* _STUDY MATERIAL_
»»

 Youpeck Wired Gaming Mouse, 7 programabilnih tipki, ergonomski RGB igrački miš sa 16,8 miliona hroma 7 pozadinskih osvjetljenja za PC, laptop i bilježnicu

««
»»

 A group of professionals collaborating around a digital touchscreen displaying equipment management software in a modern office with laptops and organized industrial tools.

««
»»

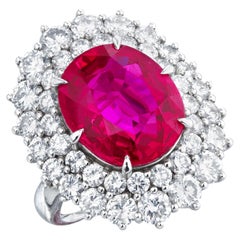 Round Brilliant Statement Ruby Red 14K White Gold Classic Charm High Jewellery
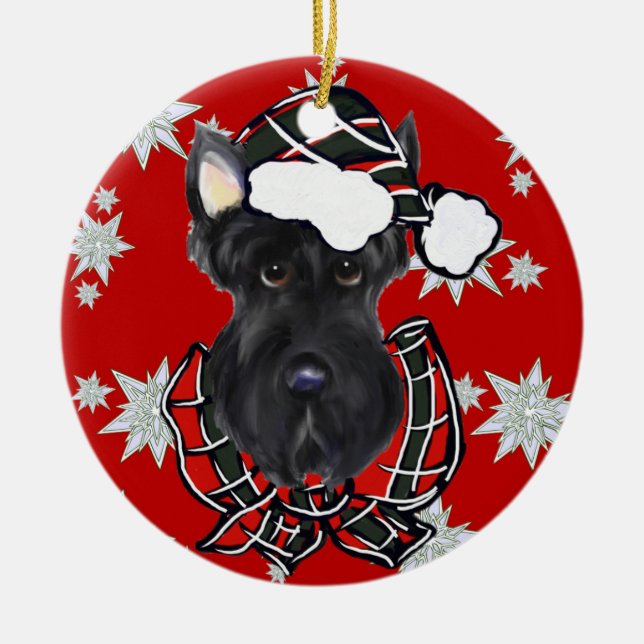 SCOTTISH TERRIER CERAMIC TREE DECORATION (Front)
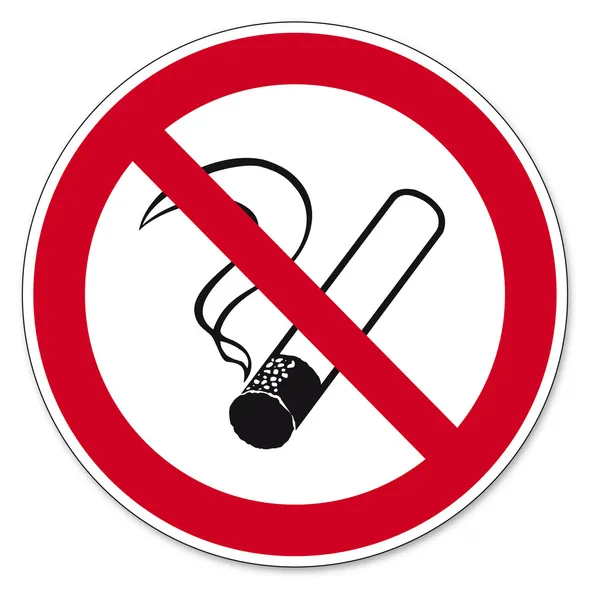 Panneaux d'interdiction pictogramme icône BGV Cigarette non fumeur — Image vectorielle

««

* _YOUR TASK_
The line holding "Round Brilliant Statement" starts the copy and the line holding "Panneaux d'interdiction pictogramme" ends it. Repeat those two lines above and all between them exactly, leaving out pictures.

* _EXPECTED ANSWER_
 Round Brilliant Statement Ruby Red 14K White Gold Classic Charm High Jewellery
 SCOTTISH TERRIER CERAMIC TREE DECORATION (Front)
 Panneaux d'interdiction pictogramme icône BGV Cigarette non fumeur — Image vectorielle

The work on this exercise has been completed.